§ **Problem to work on**: In the records below, repeat exactly the lines between the line holding "DUMOS Black Metal" and the line holding "Distressed Grey Denim", inclusive, and drop the pictures.

Start of Exercise material

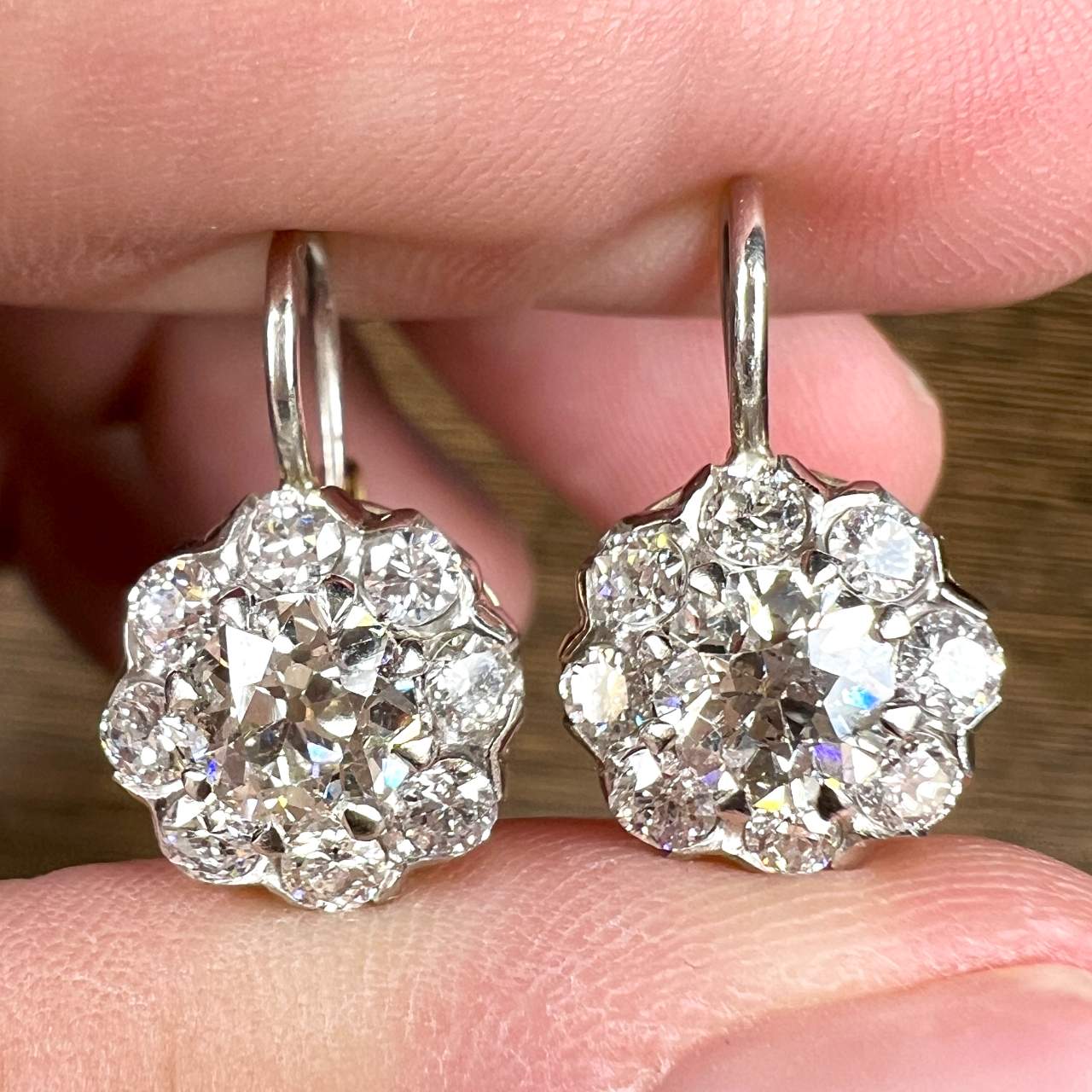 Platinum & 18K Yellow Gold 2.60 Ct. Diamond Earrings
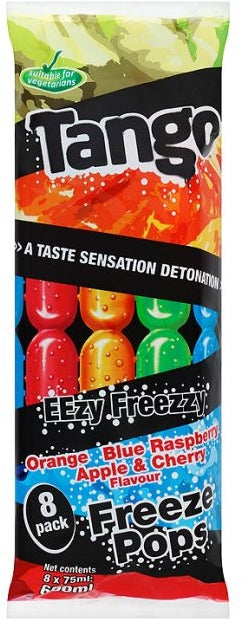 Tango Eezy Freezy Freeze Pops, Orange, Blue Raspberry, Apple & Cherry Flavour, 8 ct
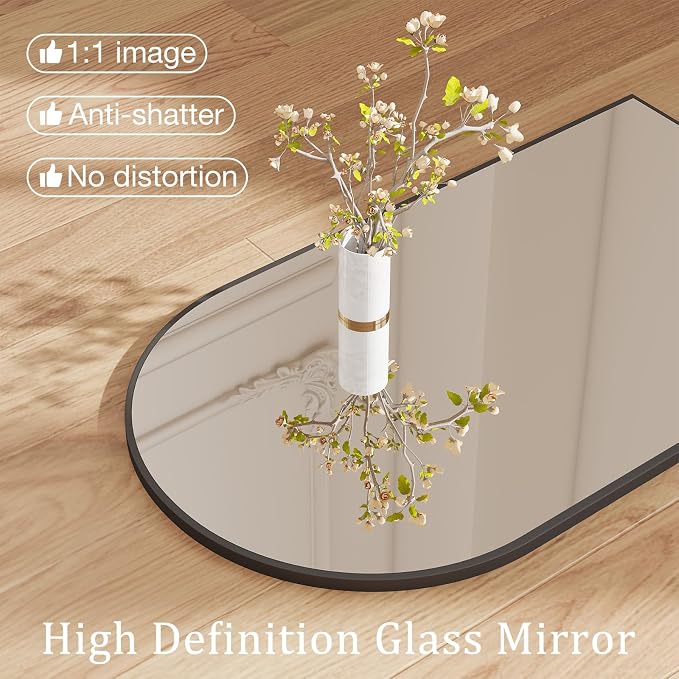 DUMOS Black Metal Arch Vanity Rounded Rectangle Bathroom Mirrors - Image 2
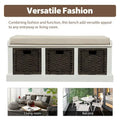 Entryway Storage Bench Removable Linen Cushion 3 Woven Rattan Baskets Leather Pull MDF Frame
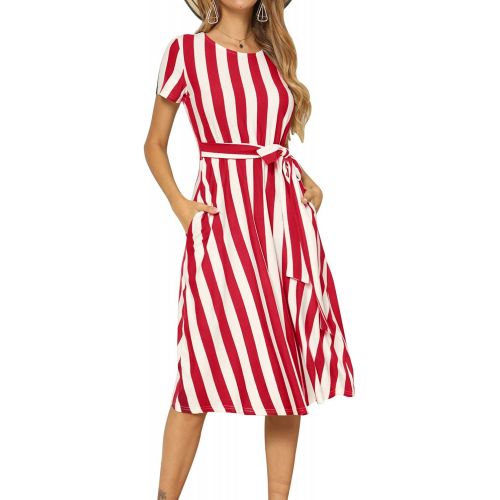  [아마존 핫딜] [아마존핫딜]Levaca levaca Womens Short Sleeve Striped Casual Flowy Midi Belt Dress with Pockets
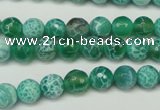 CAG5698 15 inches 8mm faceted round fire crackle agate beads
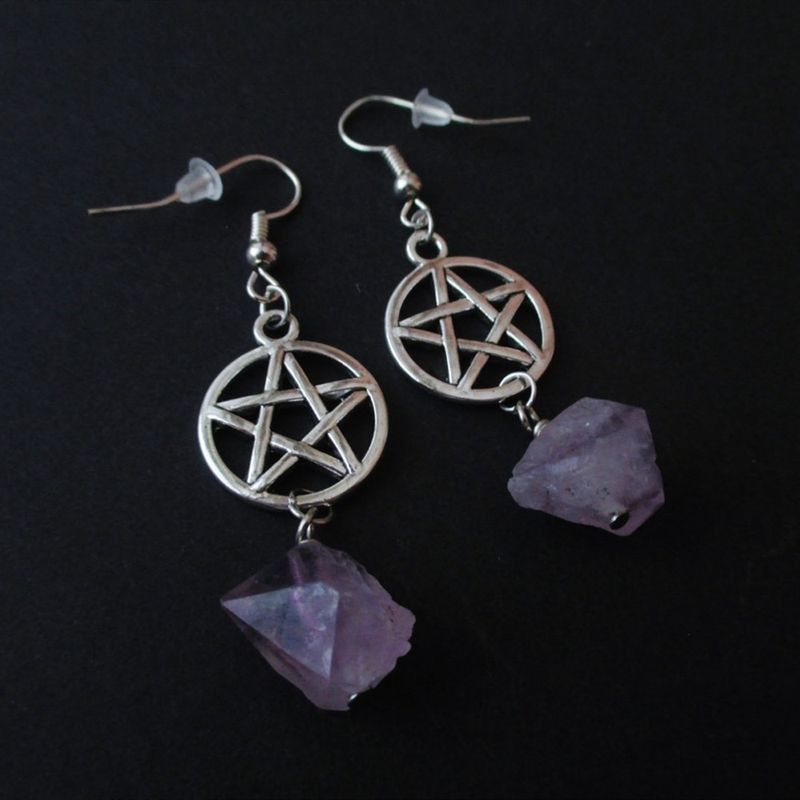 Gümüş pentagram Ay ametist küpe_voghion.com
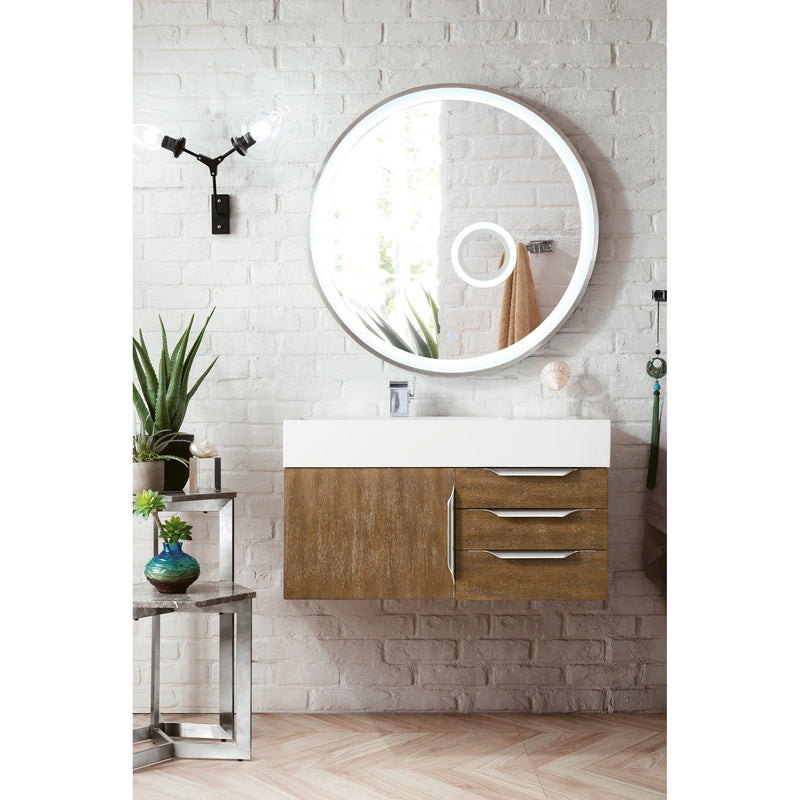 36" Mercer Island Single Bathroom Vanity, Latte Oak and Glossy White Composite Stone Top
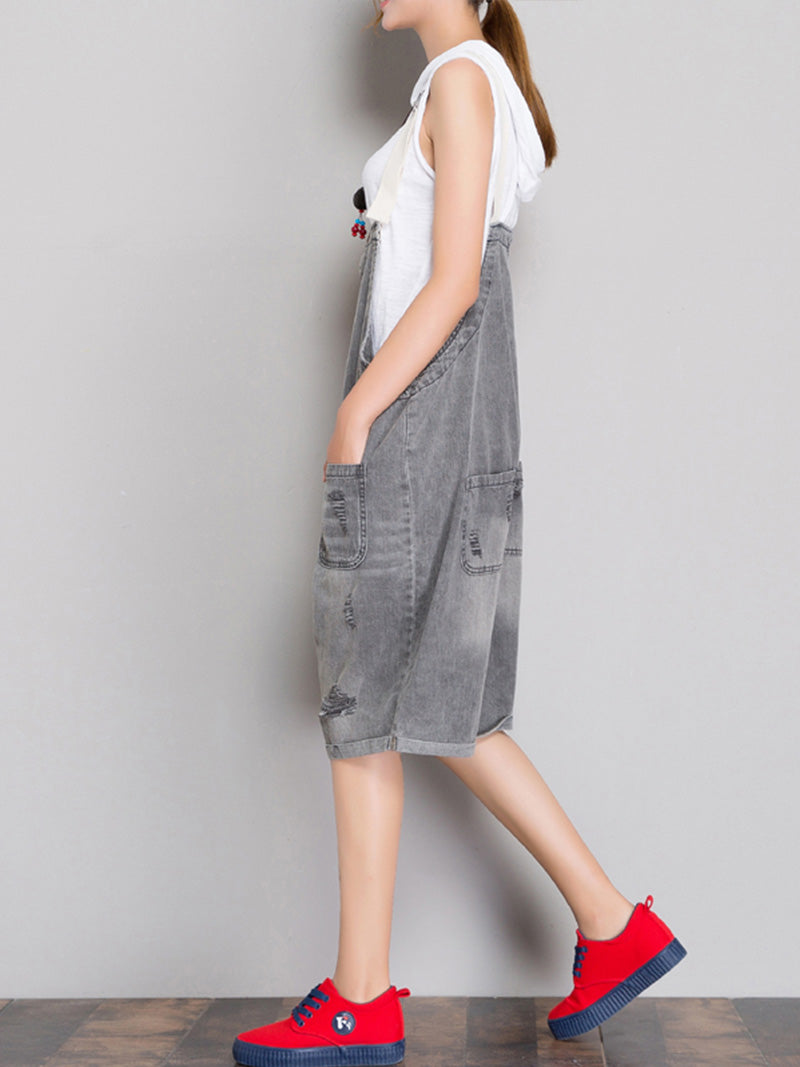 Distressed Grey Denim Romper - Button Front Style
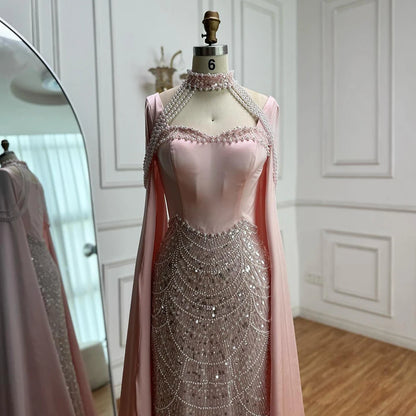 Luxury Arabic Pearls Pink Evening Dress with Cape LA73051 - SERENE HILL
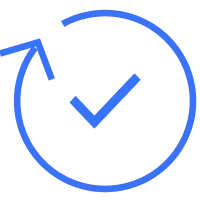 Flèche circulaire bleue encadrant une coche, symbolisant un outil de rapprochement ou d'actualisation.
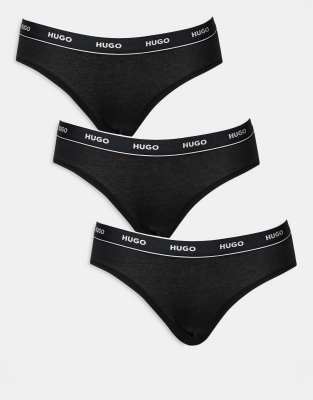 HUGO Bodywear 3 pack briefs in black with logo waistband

End of Exercise material

§ **Reply to the exercise**:
 DUMOS Black Metal Arch Vanity Rounded Rectangle Bathroom Mirrors - Image 2
 Entryway Storage Bench Removable Linen Cushion 3 Woven Rattan Baskets Leather Pull MDF Frame
  [아마존 핫딜] [아마존핫딜]Levaca levaca Womens Short Sleeve Striped Casual Flowy Midi Belt Dress with Pockets
 CAG5698 15 inches 8mm faceted round fire crackle agate beads
 Gümüş pentagram Ay ametist küpe_voghion.com
 36" Mercer Island Single Bathroom Vanity, Latte Oak and Glossy White Composite Stone Top
 Distressed Grey Denim Romper - Button Front Style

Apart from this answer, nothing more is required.